Section 37 of the DPBA places a duty of care on a person carrying out construction work to exercise reasonable care to avoid economic loss caused by defects –
(a) in or related to a building for which the work is done, and
(b) arising from the construction work.
Brief summary of background
The Owners – Strata Plan No 84674 (OC) sued the builder Pafburn Pty Limited (Pafburn) and the developer Madarina Pty Ltd (Madarina) for losses arising from “construction work”, alleging breach of the section 37 statutory duty to exercise reasonable care to avoid economic loss arising from defects under the DBPA.
Both Pafburn and Madarina denied liability but also pleaded by way of defence that the claim brought by the OC was apportionable under section 34 of the CLA and named other parties as “concurrent wrongdoers”. In so doing, they alleged that any liability on their part was limited under section 35 of the CLA to the loss arising from the extent of their responsibility.
The OC brought an application to strike out this defence arguing that the duty of care was not able to be delegated under section 39 of the DBPA and that therefore by virtue of section 5Q and section 39 of the CLA, apportionment did not apply.
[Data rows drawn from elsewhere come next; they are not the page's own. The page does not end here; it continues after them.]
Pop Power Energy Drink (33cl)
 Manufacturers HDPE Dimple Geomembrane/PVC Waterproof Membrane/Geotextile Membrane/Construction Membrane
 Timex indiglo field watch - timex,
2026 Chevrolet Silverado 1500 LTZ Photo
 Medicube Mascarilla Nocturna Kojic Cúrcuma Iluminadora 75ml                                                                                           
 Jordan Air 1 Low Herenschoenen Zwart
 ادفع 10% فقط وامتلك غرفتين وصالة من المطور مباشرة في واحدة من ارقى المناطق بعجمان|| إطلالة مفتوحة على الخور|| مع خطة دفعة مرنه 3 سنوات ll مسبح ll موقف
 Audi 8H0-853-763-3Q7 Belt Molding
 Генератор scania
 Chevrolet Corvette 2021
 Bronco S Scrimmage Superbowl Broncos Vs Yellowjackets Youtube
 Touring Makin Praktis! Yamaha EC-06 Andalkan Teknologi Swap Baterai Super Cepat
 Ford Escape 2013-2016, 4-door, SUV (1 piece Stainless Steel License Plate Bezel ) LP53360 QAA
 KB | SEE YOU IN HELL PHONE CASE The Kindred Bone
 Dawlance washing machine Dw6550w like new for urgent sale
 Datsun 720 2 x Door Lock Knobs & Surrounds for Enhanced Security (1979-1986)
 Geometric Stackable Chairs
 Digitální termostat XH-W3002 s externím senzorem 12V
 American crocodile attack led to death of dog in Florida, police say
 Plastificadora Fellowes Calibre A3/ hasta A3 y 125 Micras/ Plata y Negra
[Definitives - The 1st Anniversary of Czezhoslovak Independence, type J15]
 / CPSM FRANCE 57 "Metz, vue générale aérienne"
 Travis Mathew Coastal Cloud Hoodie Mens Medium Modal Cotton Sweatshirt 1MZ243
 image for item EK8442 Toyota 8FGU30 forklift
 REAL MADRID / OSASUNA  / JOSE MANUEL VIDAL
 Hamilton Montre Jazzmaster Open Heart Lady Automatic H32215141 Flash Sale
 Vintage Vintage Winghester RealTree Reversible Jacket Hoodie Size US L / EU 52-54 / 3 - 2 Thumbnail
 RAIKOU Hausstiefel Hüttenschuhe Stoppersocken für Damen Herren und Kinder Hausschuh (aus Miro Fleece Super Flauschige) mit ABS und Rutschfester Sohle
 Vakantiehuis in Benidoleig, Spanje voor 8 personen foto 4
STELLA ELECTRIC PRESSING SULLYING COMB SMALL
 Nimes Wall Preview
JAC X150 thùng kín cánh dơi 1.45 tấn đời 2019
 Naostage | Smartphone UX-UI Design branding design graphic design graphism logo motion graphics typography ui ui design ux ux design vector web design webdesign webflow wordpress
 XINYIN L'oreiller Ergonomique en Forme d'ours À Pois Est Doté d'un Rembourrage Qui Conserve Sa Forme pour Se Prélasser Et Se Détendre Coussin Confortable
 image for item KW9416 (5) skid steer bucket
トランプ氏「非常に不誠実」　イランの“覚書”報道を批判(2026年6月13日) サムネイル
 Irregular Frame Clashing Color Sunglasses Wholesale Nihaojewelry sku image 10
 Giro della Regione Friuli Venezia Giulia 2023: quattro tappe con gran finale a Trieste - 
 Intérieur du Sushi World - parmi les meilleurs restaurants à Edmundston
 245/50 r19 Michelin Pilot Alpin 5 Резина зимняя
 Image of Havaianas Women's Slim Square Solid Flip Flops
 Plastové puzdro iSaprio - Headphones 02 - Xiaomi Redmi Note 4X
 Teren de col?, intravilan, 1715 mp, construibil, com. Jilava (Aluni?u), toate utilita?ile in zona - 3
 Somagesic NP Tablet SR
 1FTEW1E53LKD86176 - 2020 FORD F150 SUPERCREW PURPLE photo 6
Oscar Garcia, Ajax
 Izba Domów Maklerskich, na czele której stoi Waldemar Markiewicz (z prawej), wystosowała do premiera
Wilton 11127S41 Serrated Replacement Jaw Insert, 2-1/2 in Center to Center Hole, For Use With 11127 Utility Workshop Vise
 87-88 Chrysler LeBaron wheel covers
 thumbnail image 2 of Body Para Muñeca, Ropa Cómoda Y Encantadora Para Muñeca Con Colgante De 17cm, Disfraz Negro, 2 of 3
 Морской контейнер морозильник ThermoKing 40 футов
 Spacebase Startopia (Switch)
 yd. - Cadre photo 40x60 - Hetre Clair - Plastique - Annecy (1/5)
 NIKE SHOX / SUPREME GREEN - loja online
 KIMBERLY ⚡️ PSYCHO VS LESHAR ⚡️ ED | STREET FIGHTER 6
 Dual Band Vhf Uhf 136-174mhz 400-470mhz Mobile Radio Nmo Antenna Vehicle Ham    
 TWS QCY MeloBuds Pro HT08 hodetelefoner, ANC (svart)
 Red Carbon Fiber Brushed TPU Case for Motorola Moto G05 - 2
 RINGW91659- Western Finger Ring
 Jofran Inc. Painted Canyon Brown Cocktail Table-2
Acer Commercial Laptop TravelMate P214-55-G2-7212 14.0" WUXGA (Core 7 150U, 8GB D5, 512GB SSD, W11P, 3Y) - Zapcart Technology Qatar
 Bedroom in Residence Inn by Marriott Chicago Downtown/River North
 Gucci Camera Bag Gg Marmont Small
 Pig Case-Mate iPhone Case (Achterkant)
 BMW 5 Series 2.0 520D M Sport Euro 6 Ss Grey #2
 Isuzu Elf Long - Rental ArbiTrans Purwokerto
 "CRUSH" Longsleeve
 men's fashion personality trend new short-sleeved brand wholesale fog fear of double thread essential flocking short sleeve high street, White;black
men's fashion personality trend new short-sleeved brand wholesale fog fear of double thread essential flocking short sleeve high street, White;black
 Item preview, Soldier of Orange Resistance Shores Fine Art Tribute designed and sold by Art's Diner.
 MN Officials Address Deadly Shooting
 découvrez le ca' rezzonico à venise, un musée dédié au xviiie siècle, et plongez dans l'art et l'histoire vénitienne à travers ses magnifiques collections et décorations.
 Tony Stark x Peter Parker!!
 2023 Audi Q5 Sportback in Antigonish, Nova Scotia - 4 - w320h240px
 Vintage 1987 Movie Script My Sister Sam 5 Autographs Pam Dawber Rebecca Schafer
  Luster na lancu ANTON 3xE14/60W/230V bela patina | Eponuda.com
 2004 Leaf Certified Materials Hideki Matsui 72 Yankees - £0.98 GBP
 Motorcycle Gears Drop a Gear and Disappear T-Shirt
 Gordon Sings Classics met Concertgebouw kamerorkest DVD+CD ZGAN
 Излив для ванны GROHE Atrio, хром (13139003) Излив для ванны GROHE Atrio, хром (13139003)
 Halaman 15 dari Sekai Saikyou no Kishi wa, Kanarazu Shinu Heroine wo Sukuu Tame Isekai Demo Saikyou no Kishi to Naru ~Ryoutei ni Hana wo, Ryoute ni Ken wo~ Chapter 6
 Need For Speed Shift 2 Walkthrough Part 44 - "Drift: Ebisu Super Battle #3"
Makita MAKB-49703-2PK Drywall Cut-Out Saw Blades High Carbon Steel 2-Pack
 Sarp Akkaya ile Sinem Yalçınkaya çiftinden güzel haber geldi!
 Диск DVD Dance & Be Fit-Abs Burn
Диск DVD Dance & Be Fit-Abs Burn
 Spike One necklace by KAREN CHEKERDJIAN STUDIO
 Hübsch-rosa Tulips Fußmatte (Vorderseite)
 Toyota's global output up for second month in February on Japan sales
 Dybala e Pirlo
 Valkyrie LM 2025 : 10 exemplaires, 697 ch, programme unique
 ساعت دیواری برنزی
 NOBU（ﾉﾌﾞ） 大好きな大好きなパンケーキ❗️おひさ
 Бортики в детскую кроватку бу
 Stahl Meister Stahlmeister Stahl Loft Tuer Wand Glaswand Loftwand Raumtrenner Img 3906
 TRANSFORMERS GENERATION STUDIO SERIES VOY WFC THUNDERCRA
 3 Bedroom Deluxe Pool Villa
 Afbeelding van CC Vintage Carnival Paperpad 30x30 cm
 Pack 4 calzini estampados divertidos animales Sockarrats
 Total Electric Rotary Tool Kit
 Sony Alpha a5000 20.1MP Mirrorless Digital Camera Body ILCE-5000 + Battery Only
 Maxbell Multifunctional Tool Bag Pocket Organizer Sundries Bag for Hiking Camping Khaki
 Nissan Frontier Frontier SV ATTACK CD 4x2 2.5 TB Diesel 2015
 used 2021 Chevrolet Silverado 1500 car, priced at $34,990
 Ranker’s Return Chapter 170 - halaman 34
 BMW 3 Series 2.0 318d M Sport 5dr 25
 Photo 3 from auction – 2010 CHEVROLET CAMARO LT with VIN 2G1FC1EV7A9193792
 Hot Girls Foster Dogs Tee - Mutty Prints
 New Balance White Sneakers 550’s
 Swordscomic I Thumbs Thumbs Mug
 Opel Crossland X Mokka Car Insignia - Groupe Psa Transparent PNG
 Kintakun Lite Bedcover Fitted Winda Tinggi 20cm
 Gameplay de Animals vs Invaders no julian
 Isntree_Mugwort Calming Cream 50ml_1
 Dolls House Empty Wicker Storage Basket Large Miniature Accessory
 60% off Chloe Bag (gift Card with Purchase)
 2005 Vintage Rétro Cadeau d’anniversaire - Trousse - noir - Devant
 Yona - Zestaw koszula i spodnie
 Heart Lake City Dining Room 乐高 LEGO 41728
In particular, section 5Q (1) of the CLA states:
(1) The extent of liability in tort of a person (“the defendant” ) for breach of a non-delegable duty to ensure that reasonable care is taken by a person in the carrying out of any work or task delegated or otherwise entrusted to the person by the defendant is to be determined as if the liability were the vicarious liability of the defendant for the negligence of the person in connection with the performance of the work or task
Decisions of Lower Courts
At first instance, his Honour Justice Rees held that Pafburn and Madarina could plead the apportionment defence as the application of section 5Q of the CLA was limited to common law non-delegable duties.
The NSW Court of Appeal overturned the decision of Justice Rees holding that Pafburn and Madarina could not plead the apportionment defence as it was excluded by virtue of section 39 of the DBPA and therefore, section 5Q and section 39 of the CLA.
Decision of High Court
In arriving at its decision, the majority gave consideration to the Second Reading Speech of the DBPA, and particularly the “criticality of the need to restore consumer confidence” (para 43).
The Court did not accept the submission of Pafburn and Madarina that the duty of care, is limited to the actual performance of the work (on the basis of the wording “A person who carries out construction work”) but applies more broadly to all defects arising from “construction work” as defined in the DBPA. Accordingly, when read in context with section 39 of the DBPA, the duty of care was non- delegable (para 54).
Therefore, as sections 37 and 39 of the DBPA were subject to section 5Q the CLA (by virtue of section 41 (3) of the DBPA), the High Court held at (para 58).
“the extent of the liability of Madarina and Pafburn for their alleged respective breaches of the duty imposed by s 37(1) of the DBPA, if liability is established, “is to be determined as if the liability were the vicarious liability of [each of Madarina and Pafburn] for the negligence of the person in connection with the performance of the work or task” involving construction work (as defined in s 36(1) of the DBPA) that each of Madarina and Pafburn delegated or otherwise entrusted to any other person in respect of the Building.”
In so holding, the High Court noted that their conclusions gave effect to and “maintained the unity” of all provisions of the DBPA and CLA and accorded with the “objects of the DBPA as disclosed in the Second Reading Speech (paras 63 and 64).
Takeaways
Significantly, the High Court has now confirmed that builders and developers can be liable in toto (that is, in total) for breach of the duty of care. Both entities will now need to make forensic and commercial decisions as to whether to commence cross-proceedings against other potentially liable parties.
This is general information and should not be considered to be legal advice. You should obtain legal advice specific to your individual situation.